Please reproduce the data below exactly, from the first line to the last.

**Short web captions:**
────────────────────────────────────────

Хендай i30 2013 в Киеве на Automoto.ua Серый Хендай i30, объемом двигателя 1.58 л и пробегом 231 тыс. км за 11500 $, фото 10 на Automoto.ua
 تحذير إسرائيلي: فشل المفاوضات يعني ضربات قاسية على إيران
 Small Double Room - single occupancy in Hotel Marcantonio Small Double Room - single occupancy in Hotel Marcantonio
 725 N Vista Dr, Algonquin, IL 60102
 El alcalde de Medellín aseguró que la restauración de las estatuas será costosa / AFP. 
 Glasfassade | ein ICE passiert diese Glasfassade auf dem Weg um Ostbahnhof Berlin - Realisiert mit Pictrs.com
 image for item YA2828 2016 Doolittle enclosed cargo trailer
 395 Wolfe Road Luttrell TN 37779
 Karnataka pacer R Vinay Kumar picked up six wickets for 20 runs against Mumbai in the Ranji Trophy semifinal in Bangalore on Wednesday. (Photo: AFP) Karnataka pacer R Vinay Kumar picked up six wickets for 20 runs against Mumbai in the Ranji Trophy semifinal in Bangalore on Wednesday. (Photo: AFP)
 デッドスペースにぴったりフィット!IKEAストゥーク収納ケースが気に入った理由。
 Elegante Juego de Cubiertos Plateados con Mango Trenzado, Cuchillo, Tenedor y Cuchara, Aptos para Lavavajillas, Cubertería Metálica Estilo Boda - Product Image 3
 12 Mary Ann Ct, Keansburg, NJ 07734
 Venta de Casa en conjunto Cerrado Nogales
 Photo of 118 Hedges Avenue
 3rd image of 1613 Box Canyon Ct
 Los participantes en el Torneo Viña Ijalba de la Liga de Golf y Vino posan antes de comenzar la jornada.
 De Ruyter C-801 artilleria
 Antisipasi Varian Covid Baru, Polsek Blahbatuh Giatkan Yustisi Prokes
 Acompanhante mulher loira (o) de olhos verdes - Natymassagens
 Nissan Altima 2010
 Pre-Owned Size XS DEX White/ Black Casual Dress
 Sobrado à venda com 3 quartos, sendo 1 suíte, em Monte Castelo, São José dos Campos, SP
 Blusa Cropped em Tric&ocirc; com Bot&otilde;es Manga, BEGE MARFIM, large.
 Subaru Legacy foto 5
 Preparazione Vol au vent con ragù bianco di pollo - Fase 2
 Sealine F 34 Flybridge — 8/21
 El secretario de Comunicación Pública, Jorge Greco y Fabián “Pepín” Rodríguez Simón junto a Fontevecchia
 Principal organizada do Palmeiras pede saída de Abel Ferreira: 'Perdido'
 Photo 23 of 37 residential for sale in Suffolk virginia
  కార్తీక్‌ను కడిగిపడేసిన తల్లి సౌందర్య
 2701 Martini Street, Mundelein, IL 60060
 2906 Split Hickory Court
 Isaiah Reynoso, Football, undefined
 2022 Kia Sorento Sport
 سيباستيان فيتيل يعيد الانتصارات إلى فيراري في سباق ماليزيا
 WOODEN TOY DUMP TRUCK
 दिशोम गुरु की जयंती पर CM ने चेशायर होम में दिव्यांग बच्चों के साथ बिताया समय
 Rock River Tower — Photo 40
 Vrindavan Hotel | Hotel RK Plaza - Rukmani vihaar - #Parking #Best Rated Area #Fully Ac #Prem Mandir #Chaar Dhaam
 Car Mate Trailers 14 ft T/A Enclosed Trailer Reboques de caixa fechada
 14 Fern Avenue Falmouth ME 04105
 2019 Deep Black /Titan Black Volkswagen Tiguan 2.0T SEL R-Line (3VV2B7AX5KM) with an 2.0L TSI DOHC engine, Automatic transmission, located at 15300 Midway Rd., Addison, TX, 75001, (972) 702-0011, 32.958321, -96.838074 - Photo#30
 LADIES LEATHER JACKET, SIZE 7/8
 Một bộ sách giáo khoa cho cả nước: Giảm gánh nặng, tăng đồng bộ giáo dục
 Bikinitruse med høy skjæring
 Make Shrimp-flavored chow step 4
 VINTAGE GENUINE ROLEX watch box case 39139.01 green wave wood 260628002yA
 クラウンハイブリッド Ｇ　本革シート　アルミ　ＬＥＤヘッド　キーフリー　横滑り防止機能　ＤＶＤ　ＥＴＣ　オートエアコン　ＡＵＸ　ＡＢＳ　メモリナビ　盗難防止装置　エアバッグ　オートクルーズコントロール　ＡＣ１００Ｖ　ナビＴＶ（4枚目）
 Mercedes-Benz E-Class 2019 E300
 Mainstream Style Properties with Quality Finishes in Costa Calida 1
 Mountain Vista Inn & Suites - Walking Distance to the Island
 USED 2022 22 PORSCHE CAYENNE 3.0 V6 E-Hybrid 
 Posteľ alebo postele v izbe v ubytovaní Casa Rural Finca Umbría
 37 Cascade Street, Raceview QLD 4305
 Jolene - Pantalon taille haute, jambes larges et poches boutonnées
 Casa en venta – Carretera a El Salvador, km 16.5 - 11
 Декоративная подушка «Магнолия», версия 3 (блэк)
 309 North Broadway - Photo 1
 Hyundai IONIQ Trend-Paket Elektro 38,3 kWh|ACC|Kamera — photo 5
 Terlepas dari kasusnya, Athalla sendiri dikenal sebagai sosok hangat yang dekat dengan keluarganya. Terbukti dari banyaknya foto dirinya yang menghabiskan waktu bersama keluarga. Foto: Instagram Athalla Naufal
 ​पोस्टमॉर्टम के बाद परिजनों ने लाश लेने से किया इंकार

────────────────────────────────────────

**Solution:**
Хендай i30 2013 в Киеве на Automoto.ua Серый Хендай i30, объемом двигателя 1.58 л и пробегом 231 тыс. км за 11500 $, фото 10 на Automoto.ua
 تحذير إسرائيلي: فشل المفاوضات يعني ضربات قاسية على إيران
 Small Double Room - single occupancy in Hotel Marcantonio Small Double Room - single occupancy in Hotel Marcantonio
 725 N Vista Dr, Algonquin, IL 60102
 El alcalde de Medellín aseguró que la restauración de las estatuas será costosa / AFP. 
 Glasfassade | ein ICE passiert diese Glasfassade auf dem Weg um Ostbahnhof Berlin - Realisiert mit Pictrs.com
 image for item YA2828 2016 Doolittle enclosed cargo trailer
 395 Wolfe Road Luttrell TN 37779
 Karnataka pacer R Vinay Kumar picked up six wickets for 20 runs against Mumbai in the Ranji Trophy semifinal in Bangalore on Wednesday. (Photo: AFP) Karnataka pacer R Vinay Kumar picked up six wickets for 20 runs against Mumbai in the Ranji Trophy semifinal in Bangalore on Wednesday. (Photo: AFP)
 デッドスペースにぴったりフィット!IKEAストゥーク収納ケースが気に入った理由。
 Elegante Juego de Cubiertos Plateados con Mango Trenzado, Cuchillo, Tenedor y Cuchara, Aptos para Lavavajillas, Cubertería Metálica Estilo Boda - Product Image 3
 12 Mary Ann Ct, Keansburg, NJ 07734
 Venta de Casa en conjunto Cerrado Nogales
 Photo of 118 Hedges Avenue
 3rd image of 1613 Box Canyon Ct
 Los participantes en el Torneo Viña Ijalba de la Liga de Golf y Vino posan antes de comenzar la jornada.
 De Ruyter C-801 artilleria
 Antisipasi Varian Covid Baru, Polsek Blahbatuh Giatkan Yustisi Prokes
 Acompanhante mulher loira (o) de olhos verdes - Natymassagens
 Nissan Altima 2010
 Pre-Owned Size XS DEX White/ Black Casual Dress
 Sobrado à venda com 3 quartos, sendo 1 suíte, em Monte Castelo, São José dos Campos, SP
 Blusa Cropped em Tric&ocirc; com Bot&otilde;es Manga, BEGE MARFIM, large.
 Subaru Legacy foto 5
 Preparazione Vol au vent con ragù bianco di pollo - Fase 2
 Sealine F 34 Flybridge — 8/21
 El secretario de Comunicación Pública, Jorge Greco y Fabián “Pepín” Rodríguez Simón junto a Fontevecchia
 Principal organizada do Palmeiras pede saída de Abel Ferreira: 'Perdido'
 Photo 23 of 37 residential for sale in Suffolk virginia
  కార్తీక్‌ను కడిగిపడేసిన తల్లి సౌందర్య
 2701 Martini Street, Mundelein, IL 60060
 2906 Split Hickory Court
 Isaiah Reynoso, Football, undefined
 2022 Kia Sorento Sport
 سيباستيان فيتيل يعيد الانتصارات إلى فيراري في سباق ماليزيا
 WOODEN TOY DUMP TRUCK
 दिशोम गुरु की जयंती पर CM ने चेशायर होम में दिव्यांग बच्चों के साथ बिताया समय
 Rock River Tower — Photo 40
 Vrindavan Hotel | Hotel RK Plaza - Rukmani vihaar - #Parking #Best Rated Area #Fully Ac #Prem Mandir #Chaar Dhaam
 Car Mate Trailers 14 ft T/A Enclosed Trailer Reboques de caixa fechada
 14 Fern Avenue Falmouth ME 04105
 2019 Deep Black /Titan Black Volkswagen Tiguan 2.0T SEL R-Line (3VV2B7AX5KM) with an 2.0L TSI DOHC engine, Automatic transmission, located at 15300 Midway Rd., Addison, TX, 75001, (972) 702-0011, 32.958321, -96.838074 - Photo#30
 LADIES LEATHER JACKET, SIZE 7/8
 Một bộ sách giáo khoa cho cả nước: Giảm gánh nặng, tăng đồng bộ giáo dục
 Bikinitruse med høy skjæring
 Make Shrimp-flavored chow step 4
 VINTAGE GENUINE ROLEX watch box case 39139.01 green wave wood 260628002yA
 クラウンハイブリッド Ｇ　本革シート　アルミ　ＬＥＤヘッド　キーフリー　横滑り防止機能　ＤＶＤ　ＥＴＣ　オートエアコン　ＡＵＸ　ＡＢＳ　メモリナビ　盗難防止装置　エアバッグ　オートクルーズコントロール　ＡＣ１００Ｖ　ナビＴＶ（4枚目）
 Mercedes-Benz E-Class 2019 E300
 Mainstream Style Properties with Quality Finishes in Costa Calida 1
 Mountain Vista Inn & Suites - Walking Distance to the Island
 USED 2022 22 PORSCHE CAYENNE 3.0 V6 E-Hybrid 
 Posteľ alebo postele v izbe v ubytovaní Casa Rural Finca Umbría
 37 Cascade Street, Raceview QLD 4305
 Jolene - Pantalon taille haute, jambes larges et poches boutonnées
 Casa en venta – Carretera a El Salvador, km 16.5 - 11
 Декоративная подушка «Магнолия», версия 3 (блэк)
 309 North Broadway - Photo 1
 Hyundai IONIQ Trend-Paket Elektro 38,3 kWh|ACC|Kamera — photo 5
 Terlepas dari kasusnya, Athalla sendiri dikenal sebagai sosok hangat yang dekat dengan keluarganya. Terbukti dari banyaknya foto dirinya yang menghabiskan waktu bersama keluarga. Foto: Instagram Athalla Naufal
 ​पोस्टमॉर्टम के बाद परिजनों ने लाश लेने से किया इंकार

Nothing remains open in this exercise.